Ecological tracers reveal resource convergence among prey fish species in a large lake ecosystem
Dreissena spp., fatty acids, nearshore, offshore, stable isotopes
- We measured stable isotopes of carbon (δ13C) and nitrogen (δ15N) and fatty acid profiles in Lake Ontario alewife (Alosa pseudoharengus), rainbow smelt (Osmerus mordax), slimy sculpin (Cottus cognatus) and round goby (Neogobius melanostomus) collected from 1982 to 2008 to investigate how temporal variability in these ecological tracers can relate to ecosystem-level changes associated with the establishment of highly invasive dreissenid mussels.
- Prey fish δ15N values remained relatively constant, with only slimy sculpin exhibiting a temporal increase in δ15N. In contrast, δ13C values for alewife, rainbow smelt and, especially, slimy sculpin became less negative over time and were consistent with the benthification of the Lake Ontario food web associated with dreissenids.
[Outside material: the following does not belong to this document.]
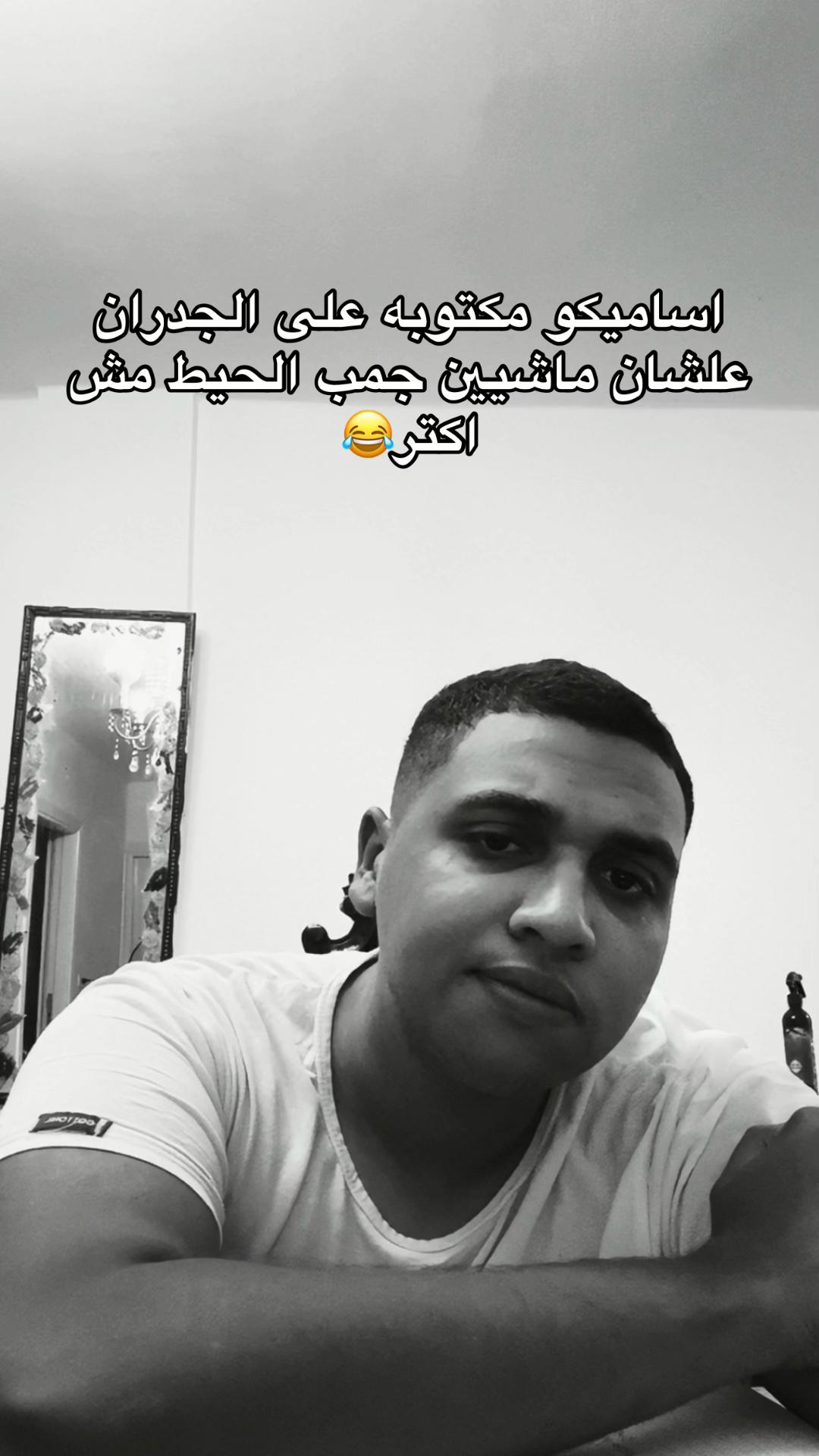 @Mohamed.hanfy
- Principal components analysis revealed higher contributions of 14:0 and 16:1n-7 fatty acids and increasingly negative δ13C values in older samples in agreement with the greater historical importance of pelagic production for alewife, rainbow smelt and slimy sculpin.
- Temporal declines in fatty acid unsaturation indices and Σn-3/Σn-6 ratios, and also increased 24:0/14:0 ratios for alewife, rainbow smelt and slimy sculpin, indicated the increasing importance of nearshore production pathways for more recently collected fish and resulted in values more similar to those for round goby.
- These results indicate a temporal convergence of the food niche, whereas food partitioning has historically supported the coexistence of prey fish species in Lake Ontario. This convergence is consistent with changes in food-web processes associated with the invasion of dreissenid mussels.
Paterson, G; Rush, S A.; Arts, M T.; Drouillard, K G.; Haffner, G D.; Johnson, T B.; Lantry, B F.; Hebert, C E.; and McGoldrick, D J.. (2014). Ecological tracers reveal resource convergence among prey fish species in a large lake ecosystem. Freshwater Biology, 59 (10), 2150-2161.